Писал он быстро и много, безоглядно (вспышка творческой продуктивности в конце 20-х – начале 30-х годов сравнима с Болдинской осенью), все меньше надеясь на публикацию. Иногда ему мерещилось, что что-то все-таки возможно, и он извлекал из корзины черновик, с тем, чтобы перебелить его. Правка наносилась уже чернилами поверх первого слоя. Изменения и дополнения бывали значительными. Расшифровать эти слои задача уже даже не текстолога, а археографа. Дело в том, что Платонов никогда не был попутчиком. Придется воскресить этот подлый термин.

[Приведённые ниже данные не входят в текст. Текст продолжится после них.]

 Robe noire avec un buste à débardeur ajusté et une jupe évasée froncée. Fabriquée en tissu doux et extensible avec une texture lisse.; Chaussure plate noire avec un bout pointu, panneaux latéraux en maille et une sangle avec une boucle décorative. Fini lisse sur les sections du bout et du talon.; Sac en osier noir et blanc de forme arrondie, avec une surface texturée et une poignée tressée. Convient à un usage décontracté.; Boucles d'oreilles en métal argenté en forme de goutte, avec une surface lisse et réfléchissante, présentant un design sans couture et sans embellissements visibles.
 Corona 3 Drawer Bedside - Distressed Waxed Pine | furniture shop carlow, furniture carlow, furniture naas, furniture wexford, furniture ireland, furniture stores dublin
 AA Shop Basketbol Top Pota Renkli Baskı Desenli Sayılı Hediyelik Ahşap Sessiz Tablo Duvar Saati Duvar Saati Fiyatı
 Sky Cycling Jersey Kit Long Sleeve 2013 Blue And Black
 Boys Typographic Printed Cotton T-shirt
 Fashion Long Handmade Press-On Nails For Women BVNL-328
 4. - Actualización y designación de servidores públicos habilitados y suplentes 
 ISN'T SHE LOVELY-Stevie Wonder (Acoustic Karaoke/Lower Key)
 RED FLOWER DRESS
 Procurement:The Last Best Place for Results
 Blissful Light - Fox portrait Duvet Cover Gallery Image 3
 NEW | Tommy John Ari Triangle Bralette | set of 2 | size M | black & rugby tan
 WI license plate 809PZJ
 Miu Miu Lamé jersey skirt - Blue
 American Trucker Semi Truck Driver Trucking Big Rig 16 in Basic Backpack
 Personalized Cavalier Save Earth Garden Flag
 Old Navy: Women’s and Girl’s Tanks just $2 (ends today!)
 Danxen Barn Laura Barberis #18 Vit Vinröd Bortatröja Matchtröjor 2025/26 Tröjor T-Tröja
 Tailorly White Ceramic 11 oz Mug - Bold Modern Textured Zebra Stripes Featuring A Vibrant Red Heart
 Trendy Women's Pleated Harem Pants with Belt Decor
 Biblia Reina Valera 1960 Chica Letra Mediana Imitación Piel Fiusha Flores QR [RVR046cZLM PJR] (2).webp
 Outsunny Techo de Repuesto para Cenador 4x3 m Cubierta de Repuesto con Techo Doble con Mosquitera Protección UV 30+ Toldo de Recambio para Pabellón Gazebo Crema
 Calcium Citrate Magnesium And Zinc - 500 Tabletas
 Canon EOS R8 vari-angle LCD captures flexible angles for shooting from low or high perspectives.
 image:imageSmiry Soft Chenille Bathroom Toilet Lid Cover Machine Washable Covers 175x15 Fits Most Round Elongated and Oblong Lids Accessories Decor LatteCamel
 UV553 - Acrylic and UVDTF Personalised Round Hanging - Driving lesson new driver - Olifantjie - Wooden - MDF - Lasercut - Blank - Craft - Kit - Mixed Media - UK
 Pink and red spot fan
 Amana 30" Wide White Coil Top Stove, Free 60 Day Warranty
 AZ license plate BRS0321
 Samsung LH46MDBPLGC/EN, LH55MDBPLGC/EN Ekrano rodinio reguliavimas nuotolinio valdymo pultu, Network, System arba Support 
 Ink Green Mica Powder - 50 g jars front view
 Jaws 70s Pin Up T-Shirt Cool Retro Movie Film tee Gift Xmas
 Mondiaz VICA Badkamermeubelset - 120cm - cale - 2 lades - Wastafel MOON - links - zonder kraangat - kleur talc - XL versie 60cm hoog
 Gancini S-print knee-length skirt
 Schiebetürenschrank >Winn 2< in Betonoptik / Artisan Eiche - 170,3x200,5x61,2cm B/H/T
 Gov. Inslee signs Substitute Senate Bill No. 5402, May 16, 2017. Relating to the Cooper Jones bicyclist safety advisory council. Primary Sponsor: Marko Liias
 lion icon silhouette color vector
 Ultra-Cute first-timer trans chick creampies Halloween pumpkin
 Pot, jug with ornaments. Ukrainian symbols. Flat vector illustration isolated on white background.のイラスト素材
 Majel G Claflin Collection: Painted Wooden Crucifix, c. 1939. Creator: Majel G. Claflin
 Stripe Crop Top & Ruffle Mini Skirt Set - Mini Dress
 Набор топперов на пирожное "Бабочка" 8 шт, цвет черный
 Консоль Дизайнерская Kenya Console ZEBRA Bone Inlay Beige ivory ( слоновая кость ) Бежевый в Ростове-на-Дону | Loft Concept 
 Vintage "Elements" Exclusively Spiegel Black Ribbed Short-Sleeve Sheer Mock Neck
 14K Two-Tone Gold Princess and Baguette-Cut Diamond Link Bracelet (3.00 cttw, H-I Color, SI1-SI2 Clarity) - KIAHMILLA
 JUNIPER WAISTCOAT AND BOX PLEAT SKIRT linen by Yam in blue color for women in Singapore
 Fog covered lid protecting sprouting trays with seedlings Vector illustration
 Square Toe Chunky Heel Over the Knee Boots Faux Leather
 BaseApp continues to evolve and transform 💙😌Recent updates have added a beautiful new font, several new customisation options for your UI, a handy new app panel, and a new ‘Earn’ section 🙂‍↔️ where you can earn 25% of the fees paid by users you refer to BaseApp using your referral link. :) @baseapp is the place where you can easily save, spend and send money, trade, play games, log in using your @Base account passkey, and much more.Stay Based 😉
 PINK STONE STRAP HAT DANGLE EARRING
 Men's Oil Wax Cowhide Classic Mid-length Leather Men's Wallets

Значит, были писатели революционные, были мирные советские, были буржуазные и враждебные: эмигранты и внутренние эмигранты, но были и попутчики. (Потом уже, не менее подло, возникли сочувствующие, беспартийные большевики, просто беспартийная масса.)

Эта, вполне грамотно заваренная, идеологическая каша варится и до сих пор, все более незаметная именно тому, кто кажется себе носителем правды или свободы. Это отчетливо видно на нашем отношении к наследию тех, кого уже нет, кто, в нашем понимании, окончателен, то есть стал добычей наследников. В результате, мы имеем все тот же супчик, иначе заправленный («чем дальше в лес, тем толще партизаны», как сказано в народе).

Есть писатели прочитанные (в основном, из попутчиков и даже внутренних эмигрантов – Ахматова, Пастернак, Булгаков), неправильно прочитанные (в основном из имевших прижизненное советское признание – Блок, Горький, Маяковский), недочитанные (Цветаева, Замятин, «обэриуты»), и непрочитанные (Заболоцкий, Зощенко, Платонов). Последних никогда бы не было, если бы не советская власть (достаточно косвенная ее заслуга). Их усилие выразить в языке то, что происходило в реальности, истинно ново, смело, органично и поэтично и не имеет ничего общего ни с каким новоязом.

Непрочитанные оказались непрочитанными не только потому, что их мало и поздно печатали, это касается и попутчиков и эмигрантов, а потому, что они оказались наиболее честны перед языком: они беспартийны и как большевики и как небольшевики, «…иначе следует признать, что великий поэт, будучи человеком храбрым, несчастным и гениальным, отказался принять участие в улучшении своей и всеобщей судьбы, то есть оказался человеком, мягко говоря, недальновидным и легкомысленным». О ком это? «А мы знаем…» – отвечает со своей непреодолимой интонацией Платонов. «А мы знаем, что Пушкин применяет легкомыслие лишь в уместных случаях».